### WORK REQUIRED:
The lines to be extracted begin at the line containing "Halloween Witch Great Dane" and end at the last line of the data below; copy them exactly and leave out the pictures.

[INFORMATION SUPPLIED — start]

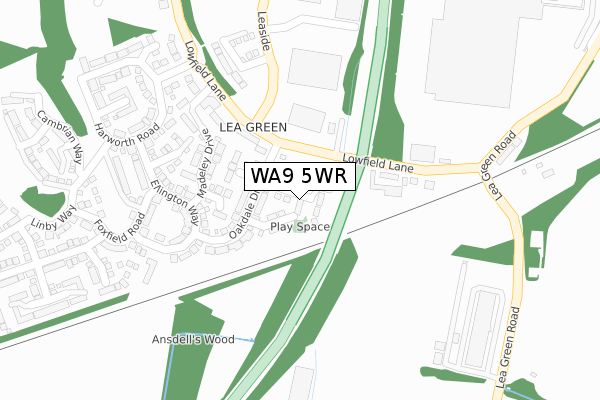 WA9 5WR map - large scale - OS Open Zoomstack (Ordnance Survey) WA9 5WR map - large scale - OS Open Zoomstack (Ordnance Survey)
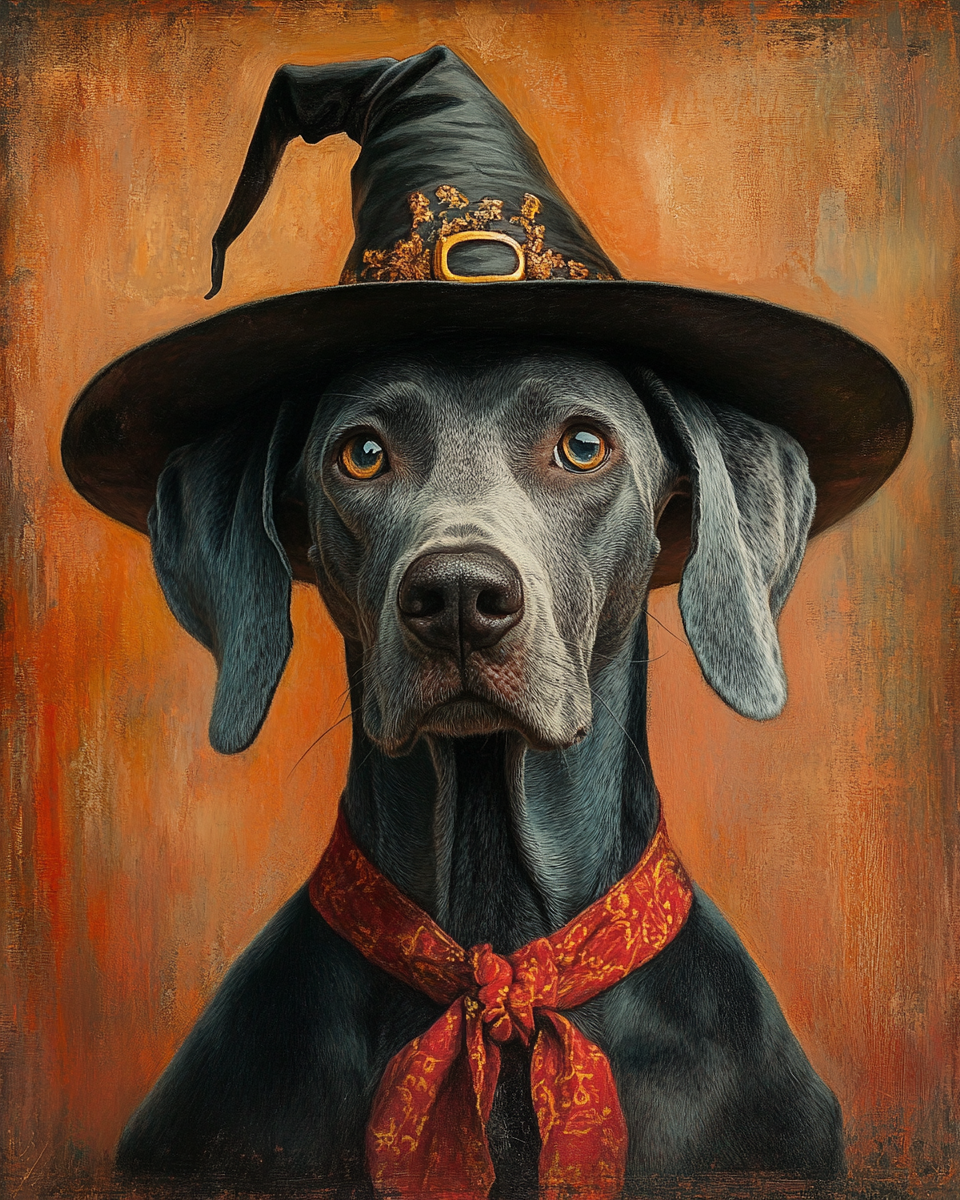 Halloween Witch Great Dane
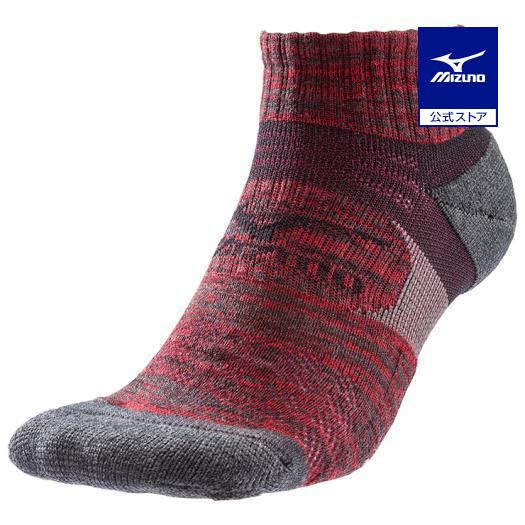 ミズノ公式 アーチプルアップサポートソックス ショート丈 メンズ レッド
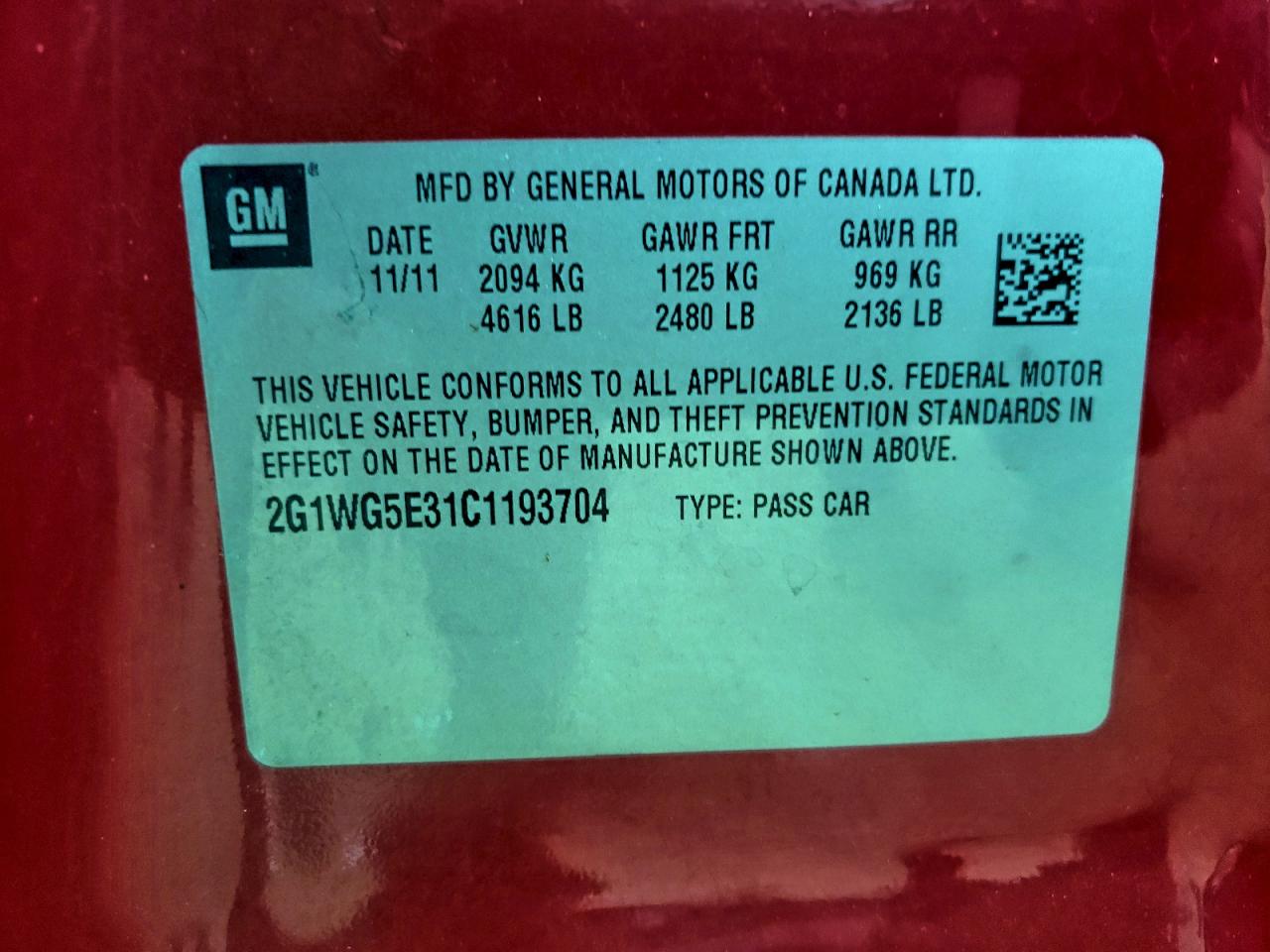 2012 Chevrolet Impala Lt VIN: 2G1WG5E31C1193704 Lot: 92859355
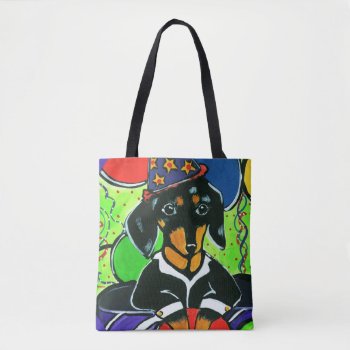 Cute Birthday Dachshund  Tote Bag by Dachshunds_by_Joanne at Zazzle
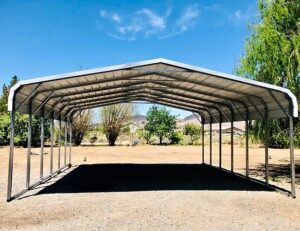 A carport that is metal and very large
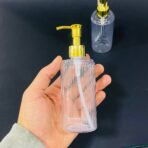 ⁦علبة فارغة لوشن + صابون بلاستيك رأس ذهبي عبوة 250 مل مع مكان طباعة ستيكر الشعار⁩ - الصورة ⁦3⁩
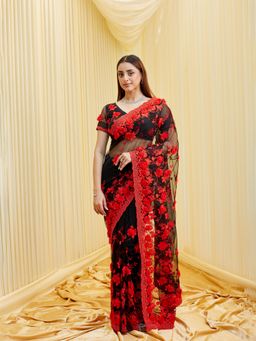 Kasee - Women Black Embellished Saree with Unstitched Blouse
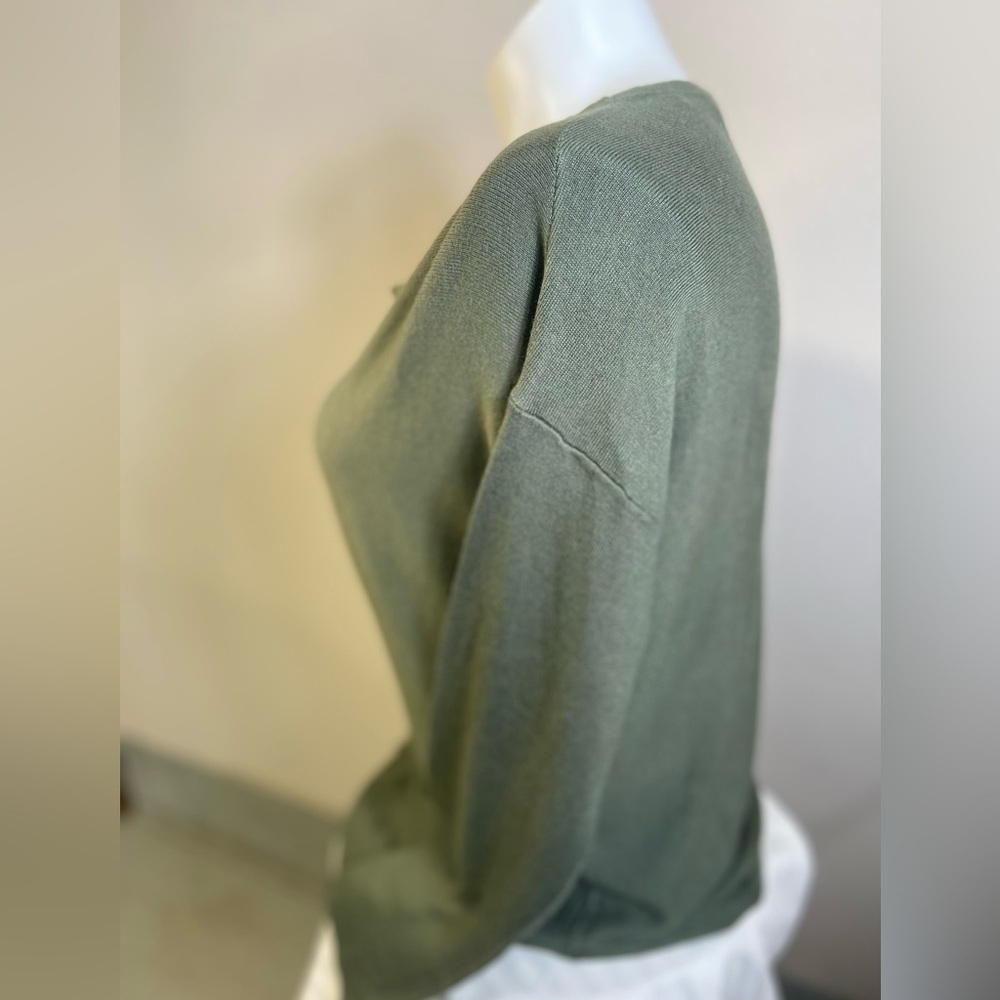 Ann Taylor~NWT~Soft~Olive Green~Cowl Neck~Drop Shoulder~Knit Sweater~Size L - Picture 7 of 10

[INFORMATION SUPPLIED — finish]

### ANSWER SPACE:
 Halloween Witch Great Dane
 ミズノ公式 アーチプルアップサポートソックス ショート丈 メンズ レッド
 2012 Chevrolet Impala Lt VIN: 2G1WG5E31C1193704 Lot: 92859355
 Cute Birthday Dachshund  Tote Bag by Dachshunds_by_Joanne at Zazzle
 A carport that is metal and very large
 ⁦علبة فارغة لوشن + صابون بلاستيك رأس ذهبي عبوة 250 مل مع مكان طباعة ستيكر الشعار⁩ - الصورة ⁦3⁩
 Kasee - Women Black Embellished Saree with Unstitched Blouse
 Ann Taylor~NWT~Soft~Olive Green~Cowl Neck~Drop Shoulder~Knit Sweater~Size L - Picture 7 of 10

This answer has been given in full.